Le banquier abaissa ses lunettes et la regarda par-dessus ; ses yeux étaient encore beaux et expressifs.

« Comment vous nommez-vous ? demanda-t-il.

— Alice ; Alice Darvil, monsieur.

— Eh bien ! Alice, nous étions en train de discuter ce qu’il valait mieux que vous fissiez. Vous désirez gagner votre vie, et peut-être vous marier plus tard à quelque honnête homme ?

— Me marier, monsieur ? Jamais ! dit Alice avec chaleur, et ses yeux s’emplirent de larmes.

— Et pourquoi ?

— Parce que je ne le reverrai plus jamais sur la terre, lui, et qu’on ne se marie pas au ciel. »

Le banquier fut touché, car il n’était pas plus mauvais que ses semblables, bien qu’il s’efforçât de leur faire croire qu’il était meilleur.

« C’est bon, il sera toujours temps de s’occuper de cela ; mais en attendant vous aimeriez à gagner votre vie ?

— Oui, monsieur. Son enfant ne doit être à charge à personne, ni moi non plus.
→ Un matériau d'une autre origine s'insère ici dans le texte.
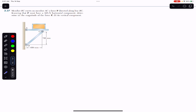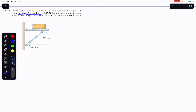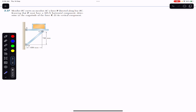Now we are going to solve this problem which says that member BC exerts on member AC a force P directed along line BC. This BC member is applying a force on the AC member, and that force will be directed from B to C. It is said that knowing that P must have a 325 Newton horizontal component, we need to determine the magnitude of force P and its vertical component.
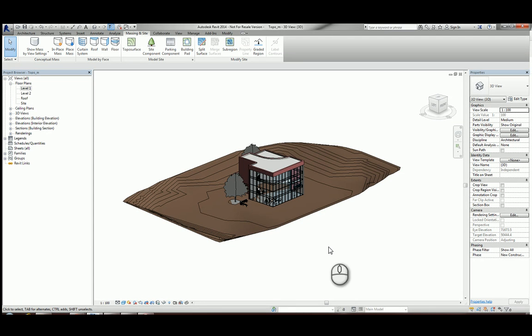There are quite a few survey companies now that actually offer a service of creating topography in Revit based on the DWG information that they create, and they'll create it all to the correct coordinates.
Pendant un moment j’ai souhaité mourir ; mais alors qui aurait aimé ma petite fille ? À présent je voudrais vivre.

— Mais quel genre de travail préféreriez-vous ? Voudriez-vous entrer dans une famille en capacité de… non, pas de domestique, vous êtes trop délicate pour cela ?

— Oh ! non… non !

— Mais encore pourquoi ? demanda le banquier d’un ton bienveillant quoique surpris.

— Parce que, répondit Alice d’un ton presque solennel, il y a des moments où je sens qu’il faut que je sois seule. Je crains quelquefois qu’il ne me manque quelque chose là (et elle se toucha le front). On m’appelait l’idiote avant que je l’eusse connu, lui ! Non, je ne saurais vivre chez les autres, car je ne puis pleurer que lorsque je suis seule avec mon enfant ! »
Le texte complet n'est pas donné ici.